The automaton exists on an infinite two-dimensional grid of cells, each either alive or dead. Each cell has a neighborhood of the eight cells horizontally, vertically or diagonally adjacent to it. A cell that is alive in one generation dies if it has less than two live neighbors or more than three live neighbors, otherwise is survives to the next generation; a cell that is dead becomes alive at the next generation if it has exactly three living neighbors. All births and deaths occur simultaneously from one generation to the next.

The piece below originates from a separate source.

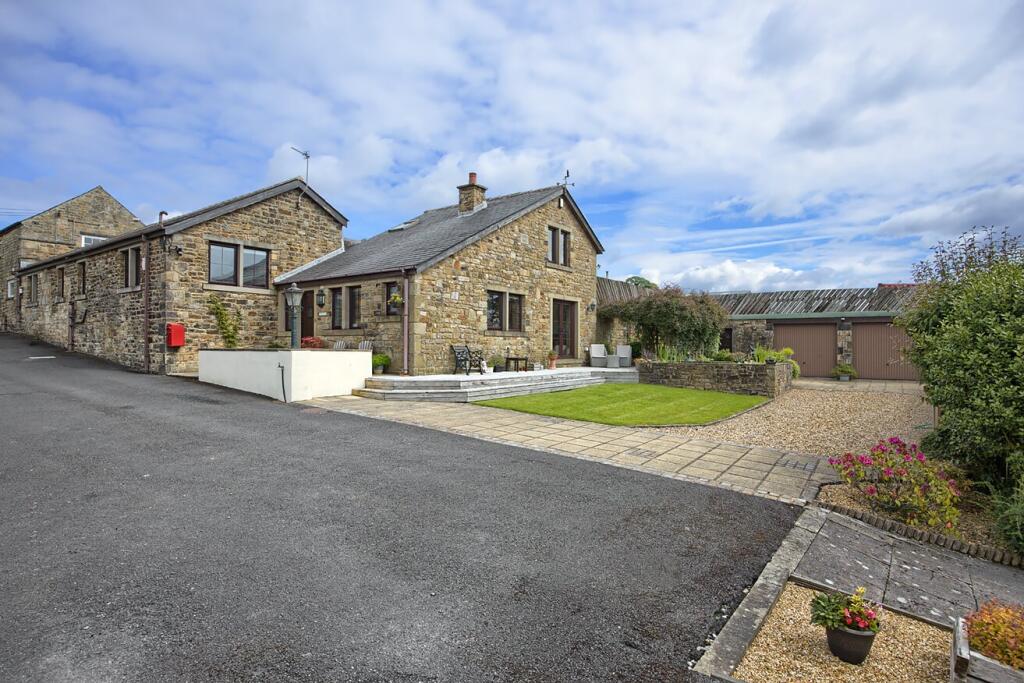 Additional property image - Green Top, New Laund Farm, Greenhead Lane, Fence, Lancashire, BB12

Mathematicians have shown that these simple rules evoke immense variety, and have built general-purpose computing structures from particular configurations of living cells. Forty-two years on, there are articles in scholarly journals, doctoral dissertations, and jillions of web sites that serve Life enthusiasts.
Your task is to write a program that computes and displays the history of a Life population. When you are finished, you are welcome to read or run a suggested solution, or to post your own solution or discuss the exercise in the comments below.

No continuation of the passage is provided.